(Data excerpts)
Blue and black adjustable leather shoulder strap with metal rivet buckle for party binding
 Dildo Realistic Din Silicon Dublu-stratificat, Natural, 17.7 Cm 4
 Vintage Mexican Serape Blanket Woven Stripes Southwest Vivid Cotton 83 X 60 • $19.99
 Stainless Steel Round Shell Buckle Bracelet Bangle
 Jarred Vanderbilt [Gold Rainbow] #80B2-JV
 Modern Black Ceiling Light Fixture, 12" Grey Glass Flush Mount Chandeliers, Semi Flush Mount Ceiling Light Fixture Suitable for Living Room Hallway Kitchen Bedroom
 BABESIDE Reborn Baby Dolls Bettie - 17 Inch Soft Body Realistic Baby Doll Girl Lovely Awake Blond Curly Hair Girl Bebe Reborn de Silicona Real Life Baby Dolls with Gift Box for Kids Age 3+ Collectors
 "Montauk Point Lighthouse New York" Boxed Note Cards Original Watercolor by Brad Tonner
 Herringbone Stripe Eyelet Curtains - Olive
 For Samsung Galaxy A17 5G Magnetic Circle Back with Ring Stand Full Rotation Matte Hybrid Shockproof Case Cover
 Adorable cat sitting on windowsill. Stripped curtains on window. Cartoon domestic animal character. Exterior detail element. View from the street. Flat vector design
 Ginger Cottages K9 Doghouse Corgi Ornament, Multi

Instructions to follow: Using the entries above, restate word for word every line from the one that contains "For Samsung Galaxy" through the last.

Answer:
 For Samsung Galaxy A17 5G Magnetic Circle Back with Ring Stand Full Rotation Matte Hybrid Shockproof Case Cover
 Adorable cat sitting on windowsill. Stripped curtains on window. Cartoon domestic animal character. Exterior detail element. View from the street. Flat vector design
 Ginger Cottages K9 Doghouse Corgi Ornament, Multi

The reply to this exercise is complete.